• **Task directions**
Repeat the listing verbatim. Drop any pictures.

• **Provided data**
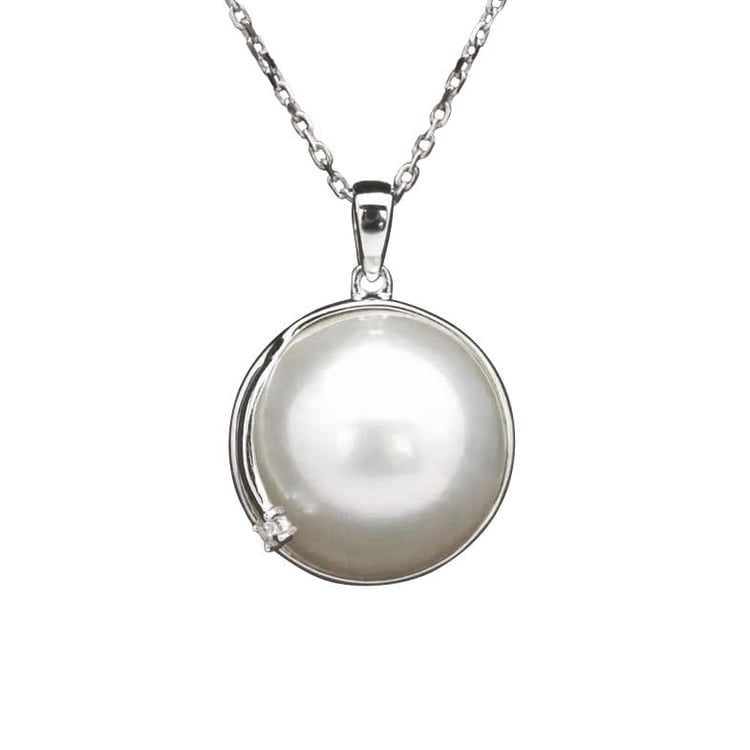 Bílá perla s diamantem ve zlatém náhrdelníku Manya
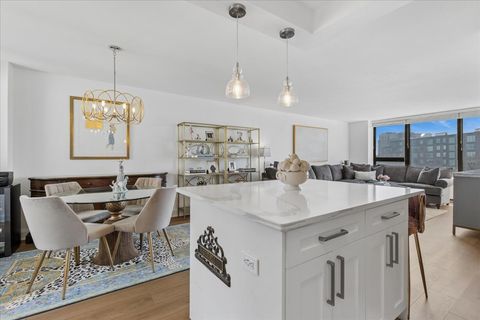 Tiny photo for 3930 N Pine Grove Avenue #816, Chicago, IL 60613 (MLS # 12611075)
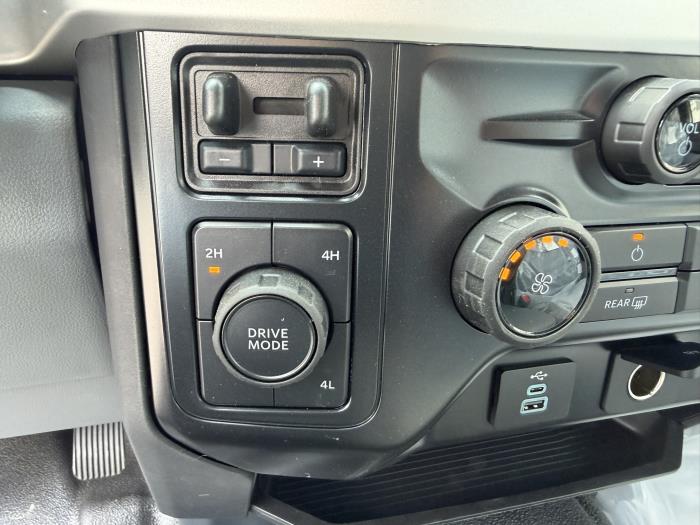 2026 Ford F-550-38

• **Exercise output**
 Bílá perla s diamantem ve zlatém náhrdelníku Manya
 Tiny photo for 3930 N Pine Grove Avenue #816, Chicago, IL 60613 (MLS # 12611075)
 2026 Ford F-550-38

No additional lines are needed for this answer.